### SUPPLIED MATERIAL

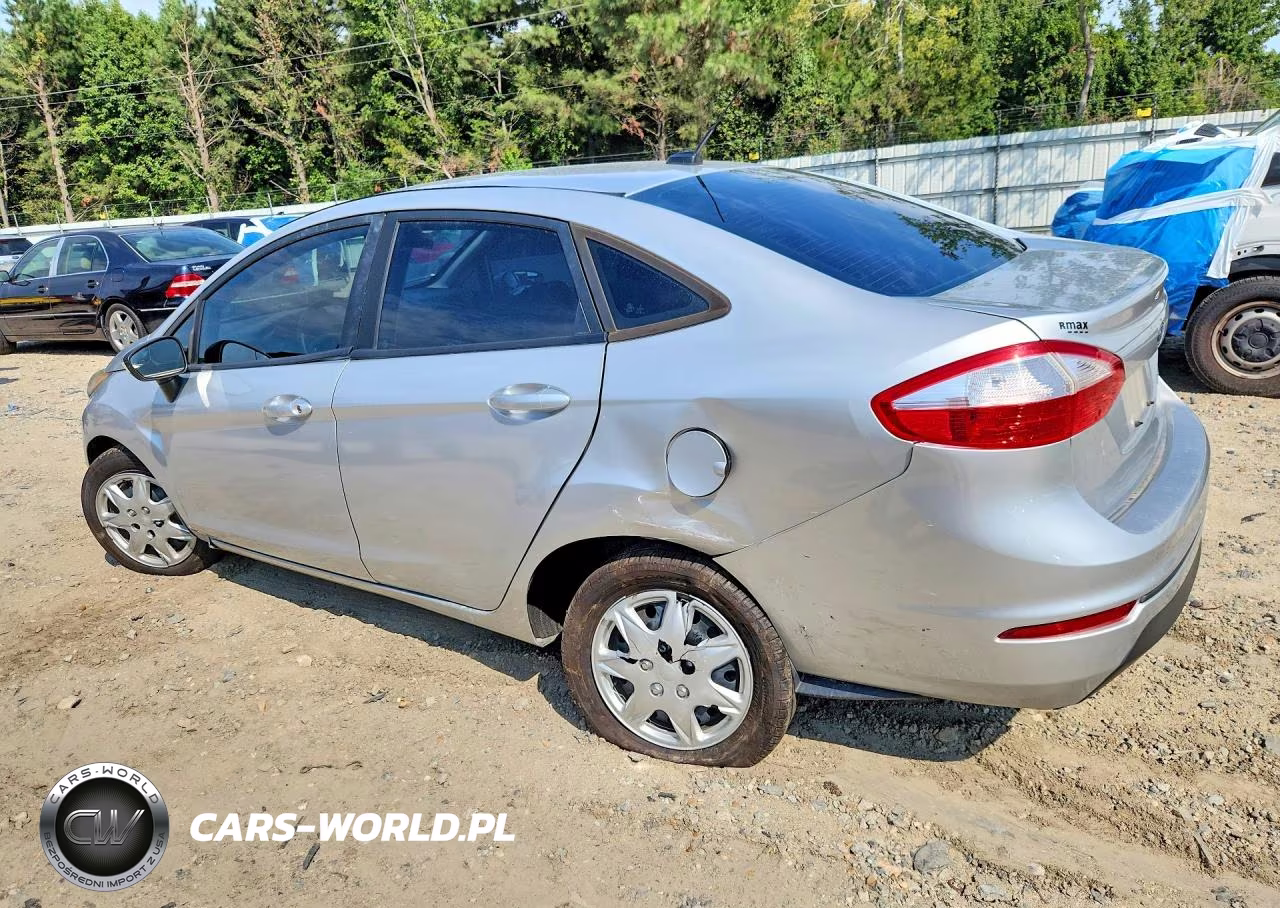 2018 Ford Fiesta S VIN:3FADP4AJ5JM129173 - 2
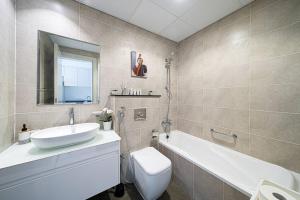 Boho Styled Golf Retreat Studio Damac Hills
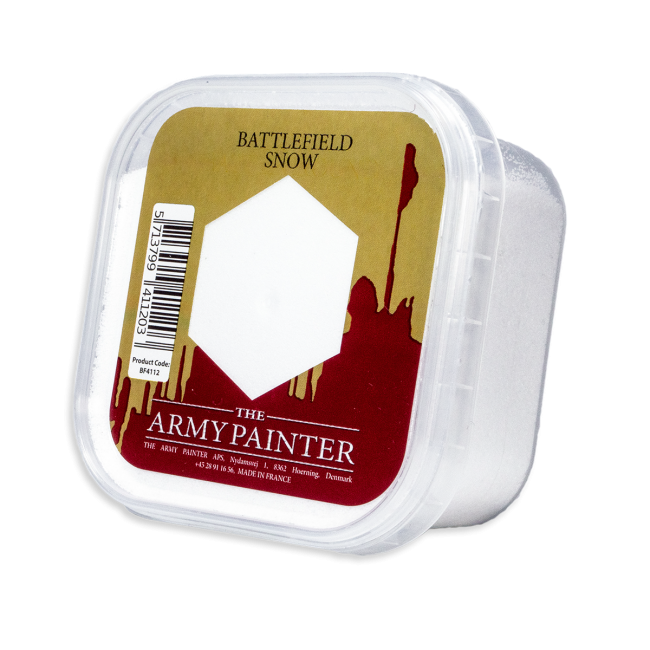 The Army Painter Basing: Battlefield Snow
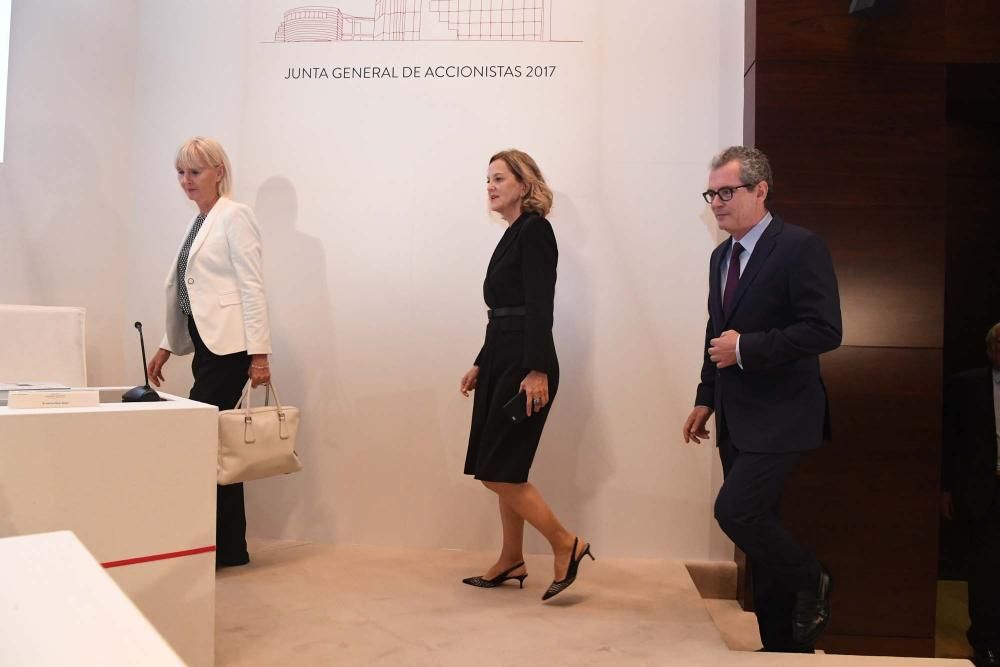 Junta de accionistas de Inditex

### GOAL OF THE EXERCISE
Pictures stay out; retype only the lines from the line containing "Boho Styled Golf Retreat Studio Damac Hills" through the end of the listing, inclusive, exactly as they appear.

### WRITTEN SOLUTION
 Boho Styled Golf Retreat Studio Damac Hills
 The Army Painter Basing: Battlefield Snow
 Junta de accionistas de Inditex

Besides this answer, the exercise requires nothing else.